Jamón, specifically, is considered at its best while served “raw” and thinly sliced, with only a few other ingredients that highlight its flavor instead of “wasting” it on more complex dishes that could overwhelm its flavor. 

That said, humans are predisposed to adding their favorite ingredients to other dishes to make them more palatable, and jamón is no different. You can often find it used as a topping for pizzas, substituting for other meats in pasta dishes, tossed with omelets, and baked into frittatas. Croquetas de Jamón, Spanish-style ham croquettes, are a particular favorite.

Though that’s mostly Jamón Serrano, Jamón Ibérico is treated much more carefully, as it's a rare delicacy.

What Do You Eat With Spanish Jamón? What Cheese Goes With Jamón?

Jamón Serrano is relatively easy to pair with other ingredients. It has a robust flavor that’s not easily overwhelmed but can go well with either sweet or savory ingredients. Spanish Manchego cheese is considered a classic pairing, but other sheep milk cheeses (ex., Pecorino Romano) also go remarkably well. Among fruits, it’s common to pair them with moderately sweet ones like melons, berries, peaches, and apricots.

As for vegetables, it pairs better with blander ones like asparagus, zucchini, and potatoes and, as mentioned above, is a frequent addition to egg-based dishes. 

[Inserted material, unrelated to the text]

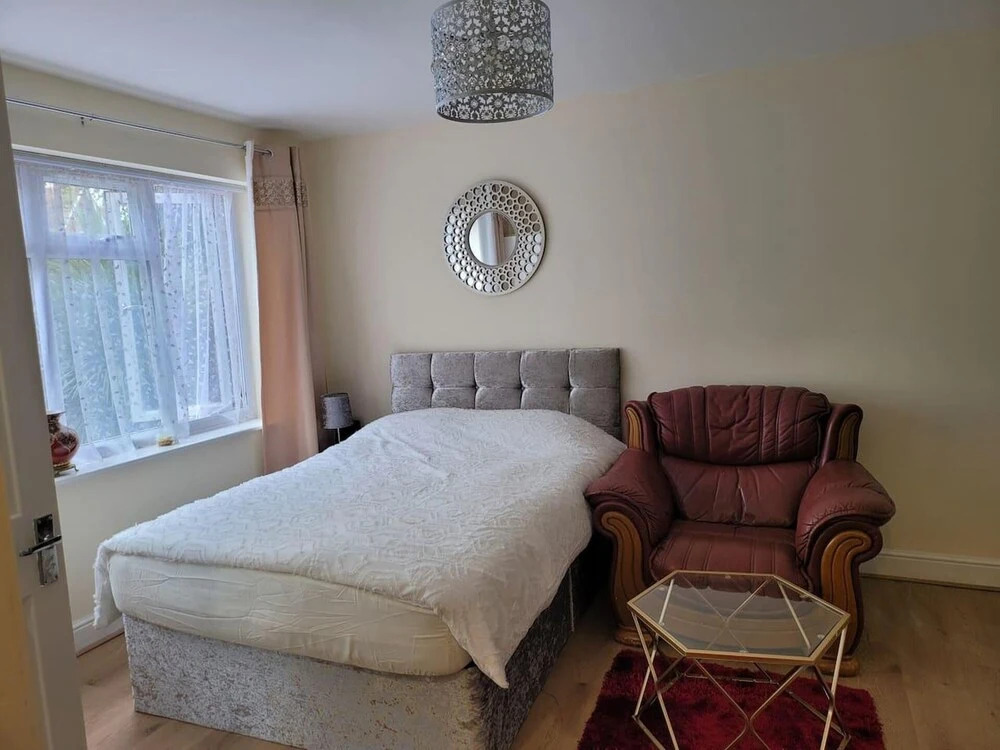 Stunning Studio in Reading Town Centre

Jamón Ibérico is generally paired with more mild ingredients that accentuate its flavor and run no risk of overpowering it. White bread lightly salted buttery crackers, and soft creamy cheeses are all considered good options.

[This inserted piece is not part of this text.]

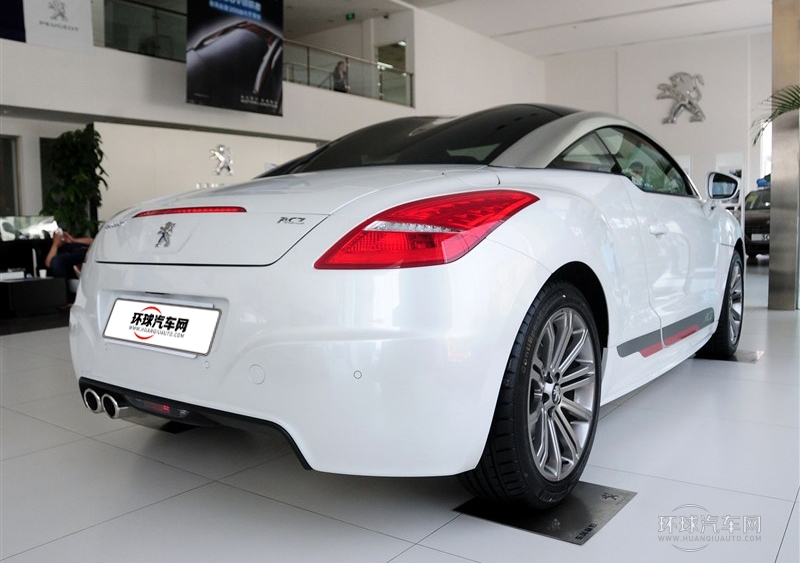 2014款 1.6T 豪華版深色風(fēng)格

However, it’s not uncommon to pair it with more robust cheeses either, particularly Spain’s beloved Manchego. Among vegetables, tomatoes are considered a classic pairing, as they’re often added to the classic Bocadillo de Jamón along with olive oil.

What Do You Drink with Jamón?

A glass of good wine is considered the best drinking pairing for jamón, either Serrano or Ibérico. Most red wines generally go well with it, but sweet and dessert wines are generally thought to be a bit too much. Stick to semi-dry and semi-sweet red wines for the best flavor balance.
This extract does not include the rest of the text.